You can accomplish the same thing (any color manipulation) with a "tweaked" camera profile. Instead of shooting the color reference chart directly, shoot the reference chart with the film whose "look" you want to emulate, make a print of the film shot of the color chart, shoot the print with your digital camera instead of the original chart and use the film print shot to create the tweaked camera profile. To duplicate the film "look", process the RAW normally, convert to the "tweaked" profile, and then assign your normal editing space.
Suppose you have a digital camera camera that outputs Adobe RGB JPEGs (like the Canon 1D-MkII) and you want to make your JPEGs look like Kodak Portra.

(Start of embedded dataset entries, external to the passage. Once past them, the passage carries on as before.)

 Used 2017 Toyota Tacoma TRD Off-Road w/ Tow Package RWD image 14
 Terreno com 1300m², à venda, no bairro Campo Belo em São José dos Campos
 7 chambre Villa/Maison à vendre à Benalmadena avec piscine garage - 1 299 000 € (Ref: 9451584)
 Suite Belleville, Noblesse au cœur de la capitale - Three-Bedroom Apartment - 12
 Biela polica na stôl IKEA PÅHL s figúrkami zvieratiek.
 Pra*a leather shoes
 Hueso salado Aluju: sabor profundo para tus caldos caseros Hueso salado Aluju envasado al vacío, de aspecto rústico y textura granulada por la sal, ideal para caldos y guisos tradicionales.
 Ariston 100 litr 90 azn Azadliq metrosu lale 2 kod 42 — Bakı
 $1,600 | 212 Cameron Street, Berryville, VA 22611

Simply follow these steps:
1. Get yourself a camera profiling utility like Eye-One Match and the
Digital Color Checker SG color reference chart to go with it.
2. Shoot the Color Checker SG with a film camera loaded with Portra, and have a life-sized print made using your customary developing and printing process.
3. Shoot the Color Checker SG with the 1D-MkII, and feed the resulting JPEG into Eye-One Match. Save the resulting profile as "1D-MkII".
4. Shoot the Portra print of the Color CHecker SG with your 1D-MkII, and feed the resulting JPEG into Eye-One Match. Save the resulting profile as "Portra".
5. Shoot a subject with the 1D-MkII. Open the JPEG in Photoshop, and convert to 16-bit mode.
6. Assign the profile "1D-MkII" to the image. This will cancel out any color deviations from the camera's internal JPEG processing.
7. Convert the image to the "Portra" profile.
8. Assign the Adobe RGB profile to the image. It will now have the same color characteristics as an image shot with Portra film, minus the grain structure.
I'm not sure why Kodak deserves a patent on this, unless they were involved in inventing profiles and the math involved in converting from RGB to CIE LAB and back.